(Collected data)
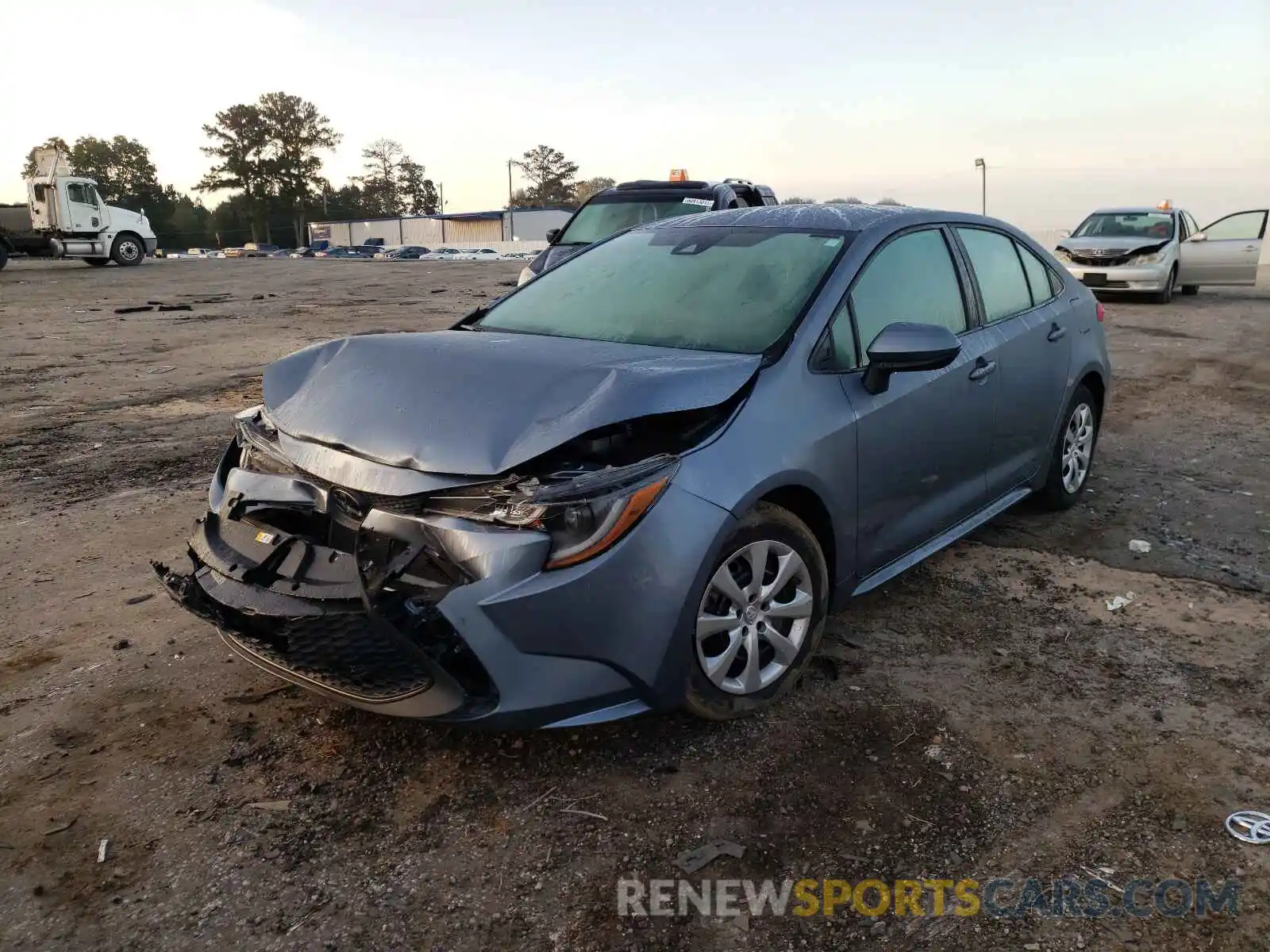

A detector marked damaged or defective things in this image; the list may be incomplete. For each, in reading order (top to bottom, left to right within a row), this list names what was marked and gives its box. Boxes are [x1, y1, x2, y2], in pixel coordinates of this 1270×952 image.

broken front bumper [155, 439, 737, 731]
dented quarter panel [256, 332, 752, 477]
crumpled car hood [263, 332, 756, 477]
damaged blue toyota corolla [153, 206, 1112, 731]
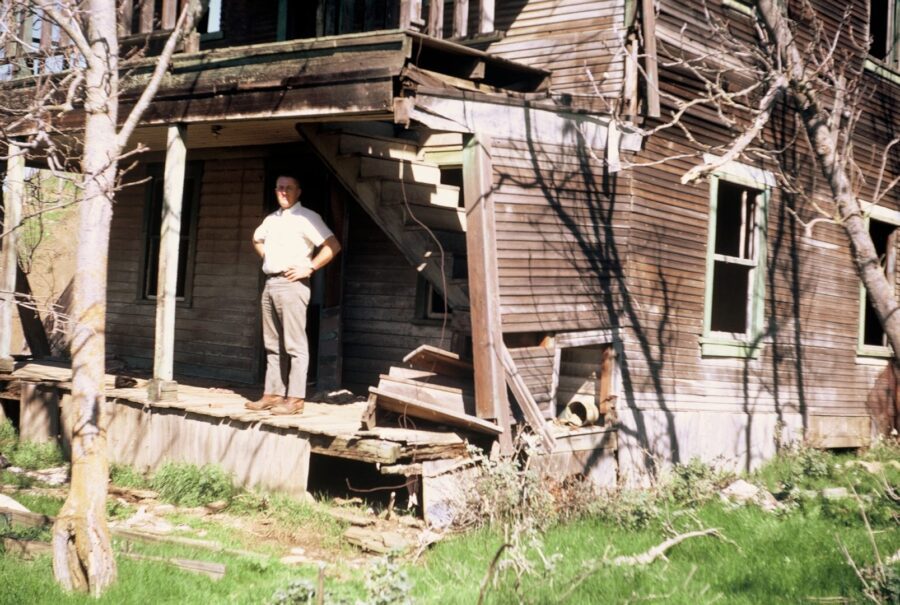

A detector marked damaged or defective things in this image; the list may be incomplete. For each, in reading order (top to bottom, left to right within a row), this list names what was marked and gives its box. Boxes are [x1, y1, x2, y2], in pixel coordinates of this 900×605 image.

broken wooden plank [400, 344, 472, 378]
broken wooden plank [370, 390, 502, 436]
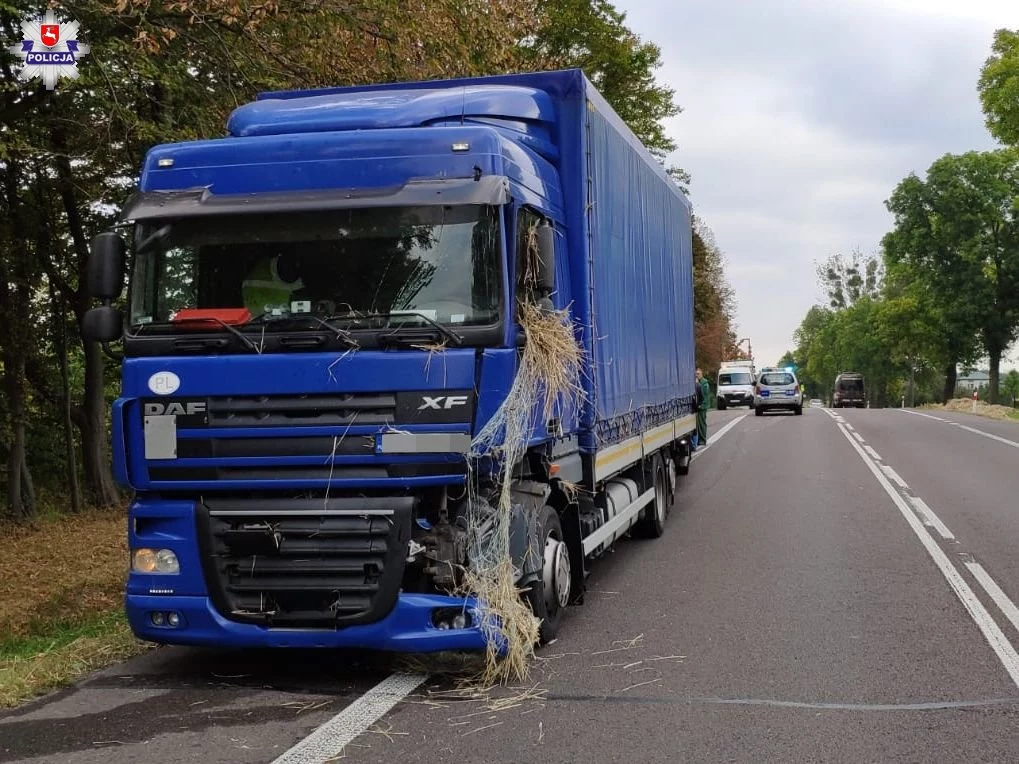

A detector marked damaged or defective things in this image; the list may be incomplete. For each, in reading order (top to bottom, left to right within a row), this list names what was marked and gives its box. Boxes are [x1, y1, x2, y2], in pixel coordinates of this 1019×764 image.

damaged front bumper [125, 592, 500, 652]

> [How to complete this task]
Pictures are to be excluded; the records themselves are to be reproduced exactly.

> [Reply]
A detector marked damaged or defective things in this image; the list may be incomplete. For each, in reading order (top to bottom, left to right within a row), this list names what was marked and gives its box. Boxes are [x1, y1, x2, y2], in pixel coordinates of this 1270×952 image.

broken front bumper [155, 439, 737, 731]
dented quarter panel [256, 332, 752, 477]
crumpled car hood [263, 332, 756, 477]
damaged blue toyota corolla [153, 206, 1112, 731]

A detector marked damaged or defective things in this image; the list may be incomplete. For each, in reading order (top to bottom, left to right within a row), this list names what was marked and gives its box. Boxes are [x1, y1, x2, y2], in pixel coordinates of this 900×605 image.

broken wooden plank [400, 344, 472, 378]
broken wooden plank [370, 390, 502, 436]

A detector marked damaged or defective things in this image; the list may be incomplete. For each, in reading order (top to bottom, left to right within a row), this list names what was marked and gives its box. Boxes are [x1, y1, x2, y2], in pixel coordinates of this 1019×764 image.

damaged front bumper [125, 592, 500, 652]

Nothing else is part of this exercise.